▸ PROBLEM
Pictures in the listing should not be copied. Reproduce, word for word, each line from the one holding "carros - Dodge" through the final line.

▸ RAW DATA
________

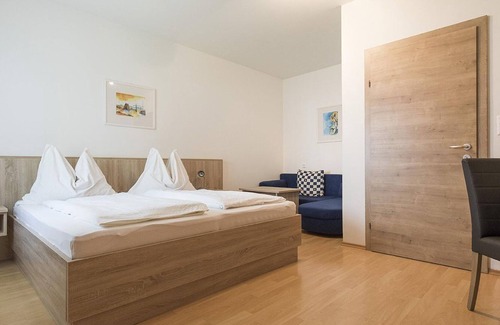 Apetlon Appartement | Double room with shower, toilet - Weingut & Gästehaus Markus Tschida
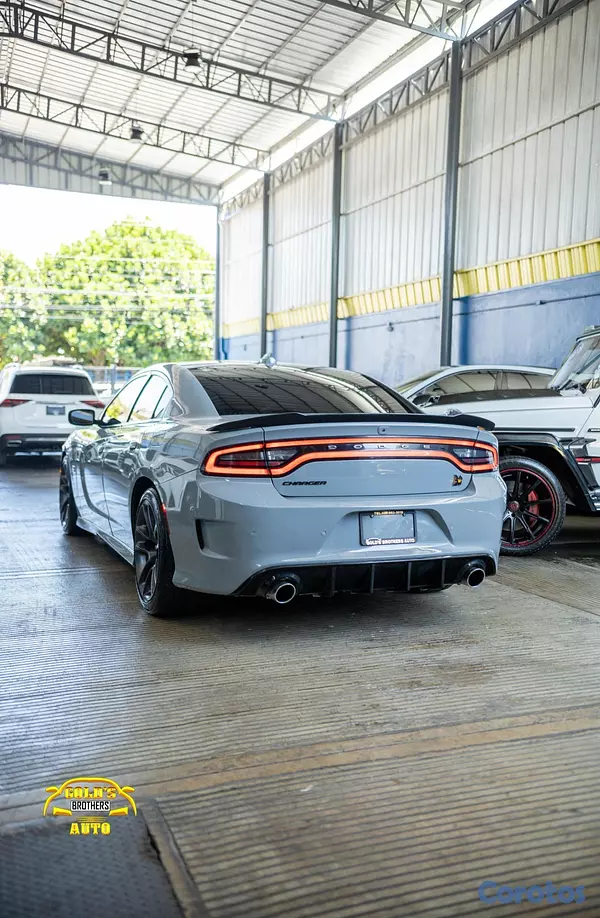 carros - Dodge Charger SRT 392 Scat Pack 2021 Clean Carfax 3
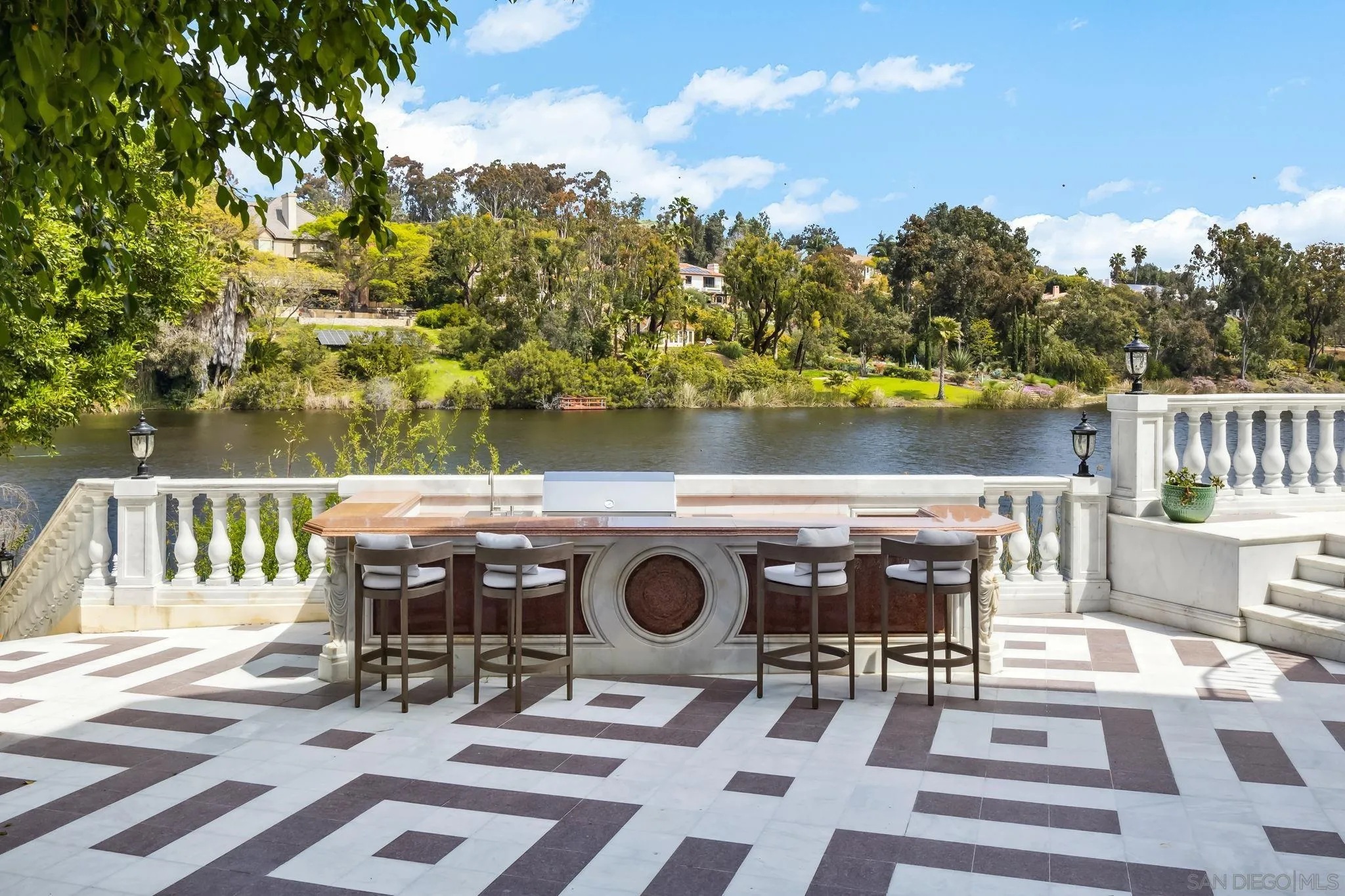 Rancho Santa Fe, California 92067, United States, 5 Bedrooms Bedrooms, ,6 BathroomsBathrooms,Residential,Active,59651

________

▸ REPLY TO THE TASK
 carros - Dodge Charger SRT 392 Scat Pack 2021 Clean Carfax 3
 Rancho Santa Fe, California 92067, United States, 5 Bedrooms Bedrooms, ,6 BathroomsBathrooms,Residential,Active,59651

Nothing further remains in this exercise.